This is the mail archive of the
xsl-list@mulberrytech.com
mailing list .
Divide and Conquer implementations of str-foldl and str-map (Was: Re: big recursive function)
- From: Dimitre Novatchev <dnovatchev at yahoo dot com>
- To: xsl-list at lists dot mulberrytech dot com
- Date: Wed, 28 Nov 2001 08:23:13 -0800 (PST)
- Subject: [xsl] Divide and Conquer implementations of str-foldl and str-map (Was: Re: big recursive function)

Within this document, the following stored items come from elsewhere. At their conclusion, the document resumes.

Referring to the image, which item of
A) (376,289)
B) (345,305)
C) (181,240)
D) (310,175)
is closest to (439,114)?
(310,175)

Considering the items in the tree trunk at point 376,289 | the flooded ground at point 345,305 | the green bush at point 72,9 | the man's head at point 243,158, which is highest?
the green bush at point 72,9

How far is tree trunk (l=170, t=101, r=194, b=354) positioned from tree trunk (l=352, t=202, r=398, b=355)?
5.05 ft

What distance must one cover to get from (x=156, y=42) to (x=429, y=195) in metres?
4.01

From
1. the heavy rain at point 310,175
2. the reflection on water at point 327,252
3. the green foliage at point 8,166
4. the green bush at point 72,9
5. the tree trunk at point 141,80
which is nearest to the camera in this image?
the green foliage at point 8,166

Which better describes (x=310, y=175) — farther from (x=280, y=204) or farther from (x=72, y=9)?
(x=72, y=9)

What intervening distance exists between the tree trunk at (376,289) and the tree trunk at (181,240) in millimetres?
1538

- Reply-to: xsl-list at lists dot mulberrytech dot com
> > I haven't seen yet different way to process characters inside a node
> > text (except making an extension function but it's cheating :-). It looks
> > like the right way to do things from an XSLT point of view.
>
> using a divide and conquer method (see posts of dimitre's) should change
> the recursion depth from being O(n) to O(log n) (at the cost of giving
> up tail recursion) so on a system that doesn't implement tail recursion
> elimination this should be better (and may well be faster anyway).

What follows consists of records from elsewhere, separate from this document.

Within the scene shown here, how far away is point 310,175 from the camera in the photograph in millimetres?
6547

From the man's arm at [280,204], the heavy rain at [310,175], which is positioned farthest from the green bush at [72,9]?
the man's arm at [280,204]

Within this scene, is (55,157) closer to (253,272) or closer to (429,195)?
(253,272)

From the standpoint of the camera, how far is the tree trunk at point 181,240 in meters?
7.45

Here's what I think of as a generic way to solve the majority of problems with deep
recursion when processing long lists of characters (strings).

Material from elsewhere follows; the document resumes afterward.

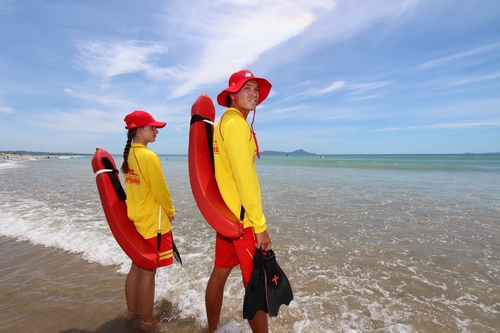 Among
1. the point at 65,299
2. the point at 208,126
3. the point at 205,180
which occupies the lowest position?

In my previous posts I already introduced a very general list-folding function
foldl, and its string counterpart -- str-foldl.
I mentioned (I think) how the map() function can be defined using the foldl
function:
map :: (a -> b) -> [a] -> [b]
map f = foldl ((:).f) []
The map function takes a function and a list as arguments and returns a new list,
having the same number of elements as the list-argument, every element of which is
the result of applying the function f() on the corresponding element of the
list-argument.
Another, more understandable definition of map is:
map :: (a -> b) -> [a] -> [b]
map _ [] = []
map f (x:xs) = (f(x) : map f xs)
For example,
map (+1) [1,2,3] = [2,3,4]
Using foldl and map we may be able to solve 99% of all problems we have with lists.
Using str-foldl and str-map we may be able to solve 99% of all problems we have with
strings.
The only problem could be that when processing very big lists/strings on XSLT
processors that do not optimize tail-recursion with iteration, there would be an
exhaustive increase of the call stack leading to crash.
The solution in such cases is to use ***divide and conquer*** (DVC) implementations
of foldl and map or, respectively, of str-foldl and str-map.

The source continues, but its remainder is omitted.